McLaren not relying on Red Bull fallout

McLaren boss Martin Whitmarsh says his team is not going to rely on Red Bull Racing getting ripped apart by its internal divisions - even though he thinks the favouritism row that has engulfed his title rivals is now an unwelcome distraction for the Milton Keynes-based outfit

McLaren not relying on Red Bull fallout

Red Bull Racing is facing a crunch few days to try and put a lid on the row that has erupted between Mark Webber and the team management over its decision to swap front wings on its cars before qualifying at the British Grand Prix.

That decision left Webber feeling he had been relegated to the number two driver position - and he claimed after his Silverstone victory that he would have never re-signed for the team for 2010 if he knew that was how he was going to be treated.

And with Red Bull Racing team principal Christian Horner insisting he has no regrets about the decisions he took at Silverstone - even though it has led to a huge backlash from the media and fans - rival teams have already suggested they can capitalise on the trouble.

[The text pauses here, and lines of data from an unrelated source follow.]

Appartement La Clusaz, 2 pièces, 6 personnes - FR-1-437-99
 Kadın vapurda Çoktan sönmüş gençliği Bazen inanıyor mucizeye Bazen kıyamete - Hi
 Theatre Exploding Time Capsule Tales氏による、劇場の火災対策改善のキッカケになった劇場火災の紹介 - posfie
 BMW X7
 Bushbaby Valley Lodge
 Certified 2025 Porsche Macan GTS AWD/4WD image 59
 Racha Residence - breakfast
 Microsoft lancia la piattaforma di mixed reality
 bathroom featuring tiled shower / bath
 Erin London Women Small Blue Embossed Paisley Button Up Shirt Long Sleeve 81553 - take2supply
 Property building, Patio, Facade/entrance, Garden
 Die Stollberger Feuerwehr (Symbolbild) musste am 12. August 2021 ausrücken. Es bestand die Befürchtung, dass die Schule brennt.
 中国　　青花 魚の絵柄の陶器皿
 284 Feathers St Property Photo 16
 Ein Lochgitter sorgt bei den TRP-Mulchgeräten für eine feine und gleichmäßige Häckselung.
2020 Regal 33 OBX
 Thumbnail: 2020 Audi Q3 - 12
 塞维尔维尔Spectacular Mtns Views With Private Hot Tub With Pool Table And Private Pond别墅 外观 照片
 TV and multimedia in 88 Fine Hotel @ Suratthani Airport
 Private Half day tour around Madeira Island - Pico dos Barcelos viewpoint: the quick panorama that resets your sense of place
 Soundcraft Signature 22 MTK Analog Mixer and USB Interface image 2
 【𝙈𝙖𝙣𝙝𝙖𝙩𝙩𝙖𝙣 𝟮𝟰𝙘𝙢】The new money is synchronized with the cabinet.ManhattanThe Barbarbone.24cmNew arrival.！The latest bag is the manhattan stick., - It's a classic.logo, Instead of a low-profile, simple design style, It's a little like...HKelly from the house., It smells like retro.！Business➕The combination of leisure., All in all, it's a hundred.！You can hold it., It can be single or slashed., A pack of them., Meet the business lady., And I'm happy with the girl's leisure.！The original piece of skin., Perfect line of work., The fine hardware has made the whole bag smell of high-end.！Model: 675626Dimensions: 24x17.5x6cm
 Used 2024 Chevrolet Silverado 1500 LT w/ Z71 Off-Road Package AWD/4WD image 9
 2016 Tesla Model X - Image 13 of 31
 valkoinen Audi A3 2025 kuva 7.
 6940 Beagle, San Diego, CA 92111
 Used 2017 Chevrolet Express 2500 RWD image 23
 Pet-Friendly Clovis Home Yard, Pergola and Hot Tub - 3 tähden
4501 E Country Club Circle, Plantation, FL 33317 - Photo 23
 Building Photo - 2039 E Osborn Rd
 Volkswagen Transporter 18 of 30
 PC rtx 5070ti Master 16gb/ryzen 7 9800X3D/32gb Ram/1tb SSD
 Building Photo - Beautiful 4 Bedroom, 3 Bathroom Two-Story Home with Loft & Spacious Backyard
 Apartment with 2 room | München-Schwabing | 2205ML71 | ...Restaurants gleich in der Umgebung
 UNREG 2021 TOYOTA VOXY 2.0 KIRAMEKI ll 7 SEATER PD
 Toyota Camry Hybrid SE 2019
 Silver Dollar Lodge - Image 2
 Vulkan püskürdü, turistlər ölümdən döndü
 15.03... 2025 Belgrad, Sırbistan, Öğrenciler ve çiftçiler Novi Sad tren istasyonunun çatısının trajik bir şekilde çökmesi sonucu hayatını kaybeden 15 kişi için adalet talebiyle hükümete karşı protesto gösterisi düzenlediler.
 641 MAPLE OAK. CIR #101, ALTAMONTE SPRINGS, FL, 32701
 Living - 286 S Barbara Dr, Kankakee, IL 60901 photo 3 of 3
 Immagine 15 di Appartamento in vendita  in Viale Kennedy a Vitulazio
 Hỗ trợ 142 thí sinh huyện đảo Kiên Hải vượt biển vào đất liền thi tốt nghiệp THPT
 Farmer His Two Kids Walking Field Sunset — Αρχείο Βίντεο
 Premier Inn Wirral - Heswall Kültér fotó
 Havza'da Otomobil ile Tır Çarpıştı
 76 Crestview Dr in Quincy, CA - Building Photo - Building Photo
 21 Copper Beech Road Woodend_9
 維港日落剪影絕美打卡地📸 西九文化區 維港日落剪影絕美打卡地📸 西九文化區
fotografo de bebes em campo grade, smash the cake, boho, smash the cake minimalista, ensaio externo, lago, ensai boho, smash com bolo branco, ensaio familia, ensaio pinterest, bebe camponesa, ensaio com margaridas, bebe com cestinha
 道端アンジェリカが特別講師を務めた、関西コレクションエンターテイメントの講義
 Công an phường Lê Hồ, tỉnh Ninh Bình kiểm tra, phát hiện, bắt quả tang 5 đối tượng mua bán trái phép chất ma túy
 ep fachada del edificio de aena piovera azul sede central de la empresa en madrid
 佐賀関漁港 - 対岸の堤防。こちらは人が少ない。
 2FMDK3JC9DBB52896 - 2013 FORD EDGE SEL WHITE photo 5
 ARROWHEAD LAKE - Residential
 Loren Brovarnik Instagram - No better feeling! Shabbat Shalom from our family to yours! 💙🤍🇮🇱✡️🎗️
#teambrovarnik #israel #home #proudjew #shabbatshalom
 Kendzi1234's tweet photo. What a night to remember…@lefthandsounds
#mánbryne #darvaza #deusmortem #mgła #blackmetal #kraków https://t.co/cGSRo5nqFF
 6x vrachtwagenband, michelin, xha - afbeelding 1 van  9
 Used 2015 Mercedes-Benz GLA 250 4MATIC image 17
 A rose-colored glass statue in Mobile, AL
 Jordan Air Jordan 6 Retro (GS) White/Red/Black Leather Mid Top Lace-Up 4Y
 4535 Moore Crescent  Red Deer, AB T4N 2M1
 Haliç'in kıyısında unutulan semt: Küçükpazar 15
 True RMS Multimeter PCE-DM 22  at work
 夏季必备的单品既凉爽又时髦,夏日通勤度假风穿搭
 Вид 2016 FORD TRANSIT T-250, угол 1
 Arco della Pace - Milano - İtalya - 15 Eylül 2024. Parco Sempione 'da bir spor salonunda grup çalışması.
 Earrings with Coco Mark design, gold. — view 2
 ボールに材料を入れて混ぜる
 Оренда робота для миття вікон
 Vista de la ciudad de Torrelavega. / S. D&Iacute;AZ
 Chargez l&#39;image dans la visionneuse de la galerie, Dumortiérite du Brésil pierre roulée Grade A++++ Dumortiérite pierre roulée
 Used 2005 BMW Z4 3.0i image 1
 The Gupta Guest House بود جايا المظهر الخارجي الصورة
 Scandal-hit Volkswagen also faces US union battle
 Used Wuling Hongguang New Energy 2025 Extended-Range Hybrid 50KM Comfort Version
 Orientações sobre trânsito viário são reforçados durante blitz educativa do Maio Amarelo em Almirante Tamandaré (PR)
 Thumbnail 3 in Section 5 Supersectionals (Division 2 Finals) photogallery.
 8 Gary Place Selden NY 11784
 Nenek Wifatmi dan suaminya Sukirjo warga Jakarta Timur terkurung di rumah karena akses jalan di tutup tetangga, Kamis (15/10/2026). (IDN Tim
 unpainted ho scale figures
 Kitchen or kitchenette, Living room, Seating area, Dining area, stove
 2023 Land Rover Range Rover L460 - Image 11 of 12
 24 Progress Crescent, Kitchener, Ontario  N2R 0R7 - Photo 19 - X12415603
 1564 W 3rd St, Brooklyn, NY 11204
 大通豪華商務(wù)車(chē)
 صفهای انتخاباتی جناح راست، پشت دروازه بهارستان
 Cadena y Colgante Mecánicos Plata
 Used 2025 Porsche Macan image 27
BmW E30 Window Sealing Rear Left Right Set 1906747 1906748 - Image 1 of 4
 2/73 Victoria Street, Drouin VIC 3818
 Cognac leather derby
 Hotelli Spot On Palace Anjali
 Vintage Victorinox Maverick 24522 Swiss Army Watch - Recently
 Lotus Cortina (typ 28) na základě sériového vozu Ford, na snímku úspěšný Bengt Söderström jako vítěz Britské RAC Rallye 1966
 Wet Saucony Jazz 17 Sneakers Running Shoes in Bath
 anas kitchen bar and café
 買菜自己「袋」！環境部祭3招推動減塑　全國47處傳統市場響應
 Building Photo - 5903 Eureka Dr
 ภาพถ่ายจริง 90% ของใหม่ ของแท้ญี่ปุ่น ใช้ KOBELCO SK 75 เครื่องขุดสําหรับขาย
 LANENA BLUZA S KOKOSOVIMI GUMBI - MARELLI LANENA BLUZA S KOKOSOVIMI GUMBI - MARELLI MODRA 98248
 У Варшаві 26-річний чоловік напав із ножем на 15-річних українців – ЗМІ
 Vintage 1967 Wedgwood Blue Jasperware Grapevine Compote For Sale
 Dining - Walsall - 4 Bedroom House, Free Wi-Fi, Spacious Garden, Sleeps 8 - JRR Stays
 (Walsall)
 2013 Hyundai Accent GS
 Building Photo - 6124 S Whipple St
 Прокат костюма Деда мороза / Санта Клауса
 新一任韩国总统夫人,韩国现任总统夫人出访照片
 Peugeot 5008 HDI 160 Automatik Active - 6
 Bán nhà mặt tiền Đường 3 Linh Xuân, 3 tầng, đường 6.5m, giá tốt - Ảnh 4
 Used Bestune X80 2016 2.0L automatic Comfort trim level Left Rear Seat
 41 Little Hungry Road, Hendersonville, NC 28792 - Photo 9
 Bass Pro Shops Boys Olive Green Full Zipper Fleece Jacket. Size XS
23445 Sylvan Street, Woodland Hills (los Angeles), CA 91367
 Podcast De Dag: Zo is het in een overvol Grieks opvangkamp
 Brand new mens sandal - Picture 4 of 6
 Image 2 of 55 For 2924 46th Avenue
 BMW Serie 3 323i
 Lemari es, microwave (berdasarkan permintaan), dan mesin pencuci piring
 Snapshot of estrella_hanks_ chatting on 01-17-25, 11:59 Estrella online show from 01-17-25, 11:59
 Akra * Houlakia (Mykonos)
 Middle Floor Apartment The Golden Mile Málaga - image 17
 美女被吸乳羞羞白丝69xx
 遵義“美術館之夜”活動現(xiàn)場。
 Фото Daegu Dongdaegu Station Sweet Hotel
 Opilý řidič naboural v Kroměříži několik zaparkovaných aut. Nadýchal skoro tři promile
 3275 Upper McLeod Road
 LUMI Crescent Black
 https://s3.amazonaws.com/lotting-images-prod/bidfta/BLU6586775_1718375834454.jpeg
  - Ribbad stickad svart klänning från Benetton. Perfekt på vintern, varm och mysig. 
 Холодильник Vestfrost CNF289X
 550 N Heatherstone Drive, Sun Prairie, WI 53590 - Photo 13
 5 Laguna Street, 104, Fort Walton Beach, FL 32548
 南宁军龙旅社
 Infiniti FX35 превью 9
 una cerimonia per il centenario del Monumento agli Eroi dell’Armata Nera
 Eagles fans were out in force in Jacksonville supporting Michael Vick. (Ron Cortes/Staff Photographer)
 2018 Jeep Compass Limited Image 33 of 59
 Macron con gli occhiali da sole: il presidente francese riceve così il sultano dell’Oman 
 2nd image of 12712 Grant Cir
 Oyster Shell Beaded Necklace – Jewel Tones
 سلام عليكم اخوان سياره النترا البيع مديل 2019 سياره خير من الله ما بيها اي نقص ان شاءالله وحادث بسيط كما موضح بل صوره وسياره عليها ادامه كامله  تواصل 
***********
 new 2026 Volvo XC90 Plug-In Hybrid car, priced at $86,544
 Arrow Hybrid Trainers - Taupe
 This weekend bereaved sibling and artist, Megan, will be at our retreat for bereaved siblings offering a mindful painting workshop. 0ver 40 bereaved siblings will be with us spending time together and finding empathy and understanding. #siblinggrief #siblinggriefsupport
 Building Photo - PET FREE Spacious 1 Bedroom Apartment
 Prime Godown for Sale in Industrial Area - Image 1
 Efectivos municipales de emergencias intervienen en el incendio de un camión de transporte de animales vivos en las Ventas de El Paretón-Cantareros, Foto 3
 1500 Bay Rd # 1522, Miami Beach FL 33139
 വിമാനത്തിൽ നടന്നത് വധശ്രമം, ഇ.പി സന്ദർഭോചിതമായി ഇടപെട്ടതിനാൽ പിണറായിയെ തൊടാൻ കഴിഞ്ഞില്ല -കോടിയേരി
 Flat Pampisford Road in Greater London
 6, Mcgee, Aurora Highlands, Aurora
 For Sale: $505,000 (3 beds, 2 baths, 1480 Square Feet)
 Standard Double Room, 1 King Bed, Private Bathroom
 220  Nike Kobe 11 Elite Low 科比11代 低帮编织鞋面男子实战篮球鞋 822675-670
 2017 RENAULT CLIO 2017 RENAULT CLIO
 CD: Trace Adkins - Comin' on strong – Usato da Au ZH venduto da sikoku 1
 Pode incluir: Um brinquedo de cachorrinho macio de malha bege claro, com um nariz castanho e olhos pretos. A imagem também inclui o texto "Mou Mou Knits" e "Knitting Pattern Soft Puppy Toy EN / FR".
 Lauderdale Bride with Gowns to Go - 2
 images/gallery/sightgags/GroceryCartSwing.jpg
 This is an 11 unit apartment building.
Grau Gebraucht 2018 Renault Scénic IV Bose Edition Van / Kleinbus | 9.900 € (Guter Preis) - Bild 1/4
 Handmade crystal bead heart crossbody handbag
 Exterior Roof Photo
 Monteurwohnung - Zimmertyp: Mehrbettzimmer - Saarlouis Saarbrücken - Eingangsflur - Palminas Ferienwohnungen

Whitmarsh, whose team heads Red Bull Racing in both championships despite having not had the quickest car this year, said he hopes that the problems at Red Bull spiral out of control - but he made it clear he wasn't going to count on it.

"I don't know what's happening there," said Whitmarsh, after seeing Lewis Hamilton extend his lead in the world championship standings after the British Grand Prix.

"We have got to concentrate on our situation. A lot of people speculated on the relationship between our two drivers. And the fact is that it hasn't been a news story yet meant people tried to make it one.

"I hope there are cracks and divisions in all our competitors and they all fall apart, but I am not going to rely on it. We have got to make our car quicker and try and win the championships that way."

When asked if he felt that the internal problems at Red Bull Racing could prove to hurt the team's efforts on track, Whitmarsh said: "I think if your drivers aren't working together then it is one more distraction you could do without."

Whitmarsh reckoned that any decision that could leave one driver feeling as though he is being disadvantaged, such as the removal of parts to give to his team-mate, needed careful thought to consider the consequences.

"You have got to think carefully about decisions," he said. "Drivers are immensely competitive individuals. They wouldn't be doing that job otherwise, so if they perceive something that is not even-handed or fair, then you are going to have some trouble.

"There is always a potential tension with two drivers in the same team fighting for a championship. We've experienced that a few times, it's difficult, but I have to say that so far I think we are in reasonable shape in that regard."

Whitmarsh has close-hand experience of dealing with such driver tensions, when Fernando Alonso had a difficult time working with the outfit in 2007.

Looking back on the events of that season, which included the outfit getting dragged into a spy case, Whitmarsh openly admitted that the off-track situation cost it the world title.

"2007 was a tough year for all sorts of reasons," he said. "We had a competitive car, we were trying to win the world championship but ultimately we lost it by one point. Certainly the histrionics that went around, cost us that world championship, so we had to understand and respect that."

He added: "But I know the depth of this racing team. I think the combination of the drivers, a reasonable car and a strong team has enabled us to be leading both championships."